= What you should do =
Would you retype exactly the lines below, starting with the one that has "Mangsa yang terbabit" and going on through the one that has "3 bed, 1216 sqft, $3,650 — Photo 2", with no pictures and nothing else?

= Listed entries =
Start of Block

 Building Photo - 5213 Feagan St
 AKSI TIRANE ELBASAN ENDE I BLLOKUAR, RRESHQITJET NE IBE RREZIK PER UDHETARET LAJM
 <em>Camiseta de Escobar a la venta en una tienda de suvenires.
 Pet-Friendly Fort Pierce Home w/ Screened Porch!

End of Block
Start of Block

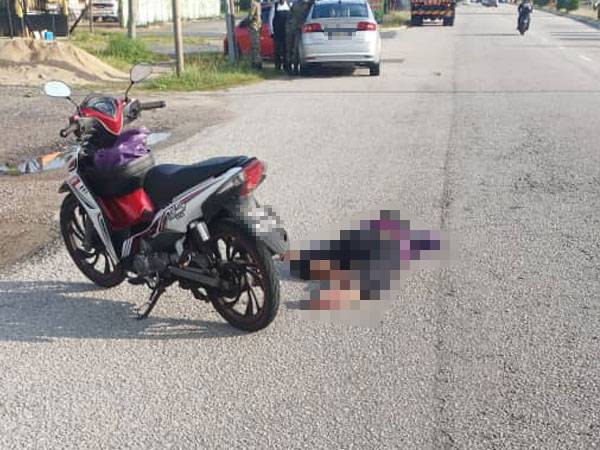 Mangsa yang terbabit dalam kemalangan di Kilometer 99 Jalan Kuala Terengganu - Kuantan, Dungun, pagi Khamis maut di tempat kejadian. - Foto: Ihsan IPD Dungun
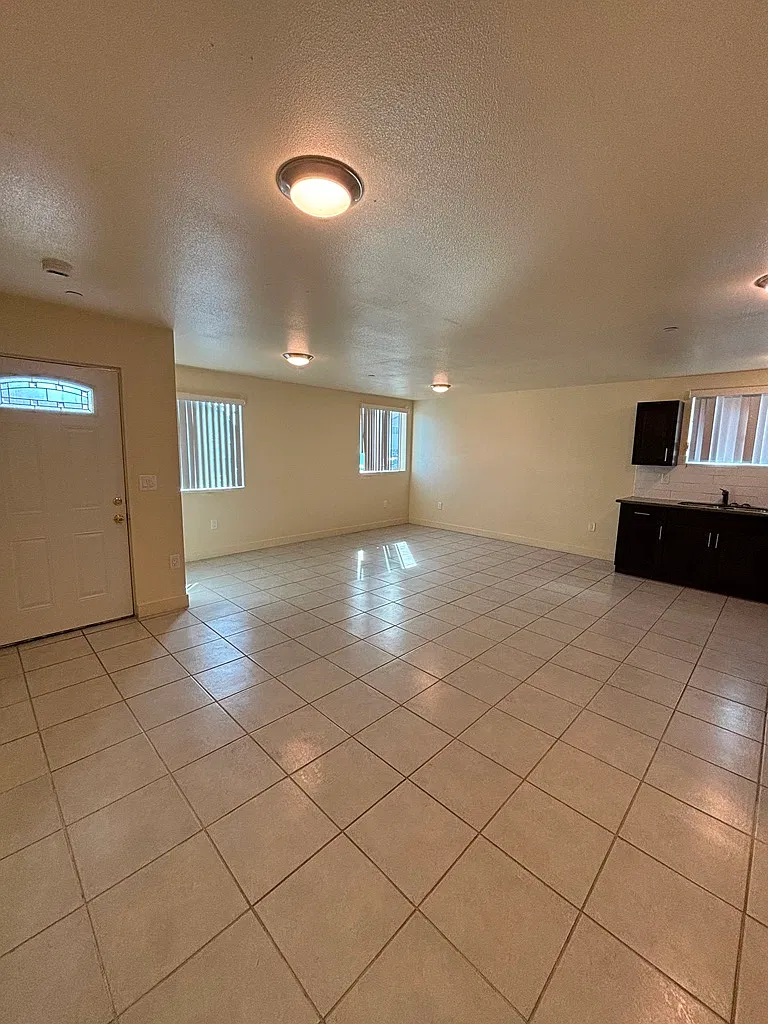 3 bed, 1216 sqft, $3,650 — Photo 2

End of Block

= Answer for the task =
 Mangsa yang terbabit dalam kemalangan di Kilometer 99 Jalan Kuala Terengganu - Kuantan, Dungun, pagi Khamis maut di tempat kejadian. - Foto: Ihsan IPD Dungun
 3 bed, 1216 sqft, $3,650 — Photo 2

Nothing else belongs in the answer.